GSoC 2023 - Add calculations for self-diffusivity and viscosity

Contributor: Xu Hong Chen

Mentors: Hugo MacDermott-Opeskin (@hmacdope), Orion Cohen (@orionarcher)

Organization: MDAnalysis

Transport property analyses are among the most requested features in the MDAnalysis project. Biomolecular researchers and chemical engineers routinely use these measurable values describing the transfer of mass, momentum, heat, and charge in their regular work.1, 2 My Google Summer of Code (GSoC) project aimed to add methods for calculating self-diffusivity and viscosity, the two most common transport properties in the literature,1 to MDAnalysis with a focus on user-friendliness and test-driven development. Initially, I proposed to:

After some discussion that began with a suggestion from @jaclark5 to try the Helfand method for viscosity to better integrate the feature wtih MDAnalysis, we shifted our priorities away from the utility functions to focus on a new Einstein-Helfand viscosity class. That extra research and trial and error were well worth the result - better software with a more simple and robust API.
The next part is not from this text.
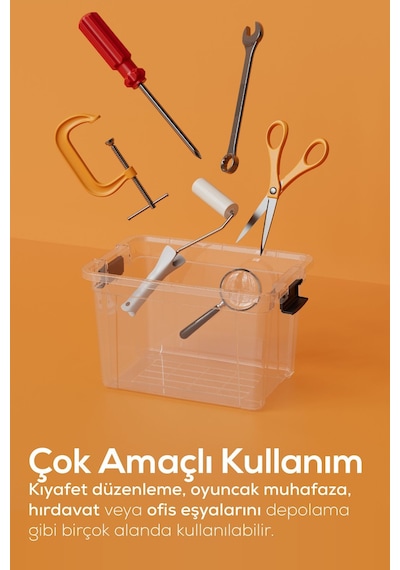 Vienev 2'li 34 Litre Kilitli Kapaklı Saklama Ve Erzak Kutusu 33116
My Summer in Python and NumPy Arrays

My summer culminated in the creation of Transport Analysis, a standalone MDAKit Python package to compute and analyze transport properties powered by MDAnalysis.

Transport Analysis GitHub: https://github.com/MDAnalysis/transport-analysis

Building a FAIR-compliant Python Package from the MDAKit Cookiecutter Template

Generating my package from the MDAKit cookiecutter template streamlined package creation, ensuring that Transport Analysis was set up through a reliable, stringently reviewed process. The included CI/CD pipeline needed some adjusting on GitHub, but it facilitated writing maintainable software from the very beginning. Pull request (PR) #3 added the new code formatter Black to the CI, while PR #22 flattened the package’s structure to simplify its organization of modules.

Velocity Autocorrelation Functions (VACFs) and Green-Kubo Self-Diffusivity

PR #1 built two implementations of the VACF calculation: a simple “windowed” algorithm and a fast FFT-based algorithm leveraging tidynamics. All the computations involved are vectorized, but the FFT-based algorithm speeds the calculations up even further. I designed a simple test system from a unit velocity trajectory and began with some very basic calculations on pen and paper, then gradually wrote more and more tests until my code was tested with the same rigour as the MDAnalysis MSD module on top of reaching 100% code coverage.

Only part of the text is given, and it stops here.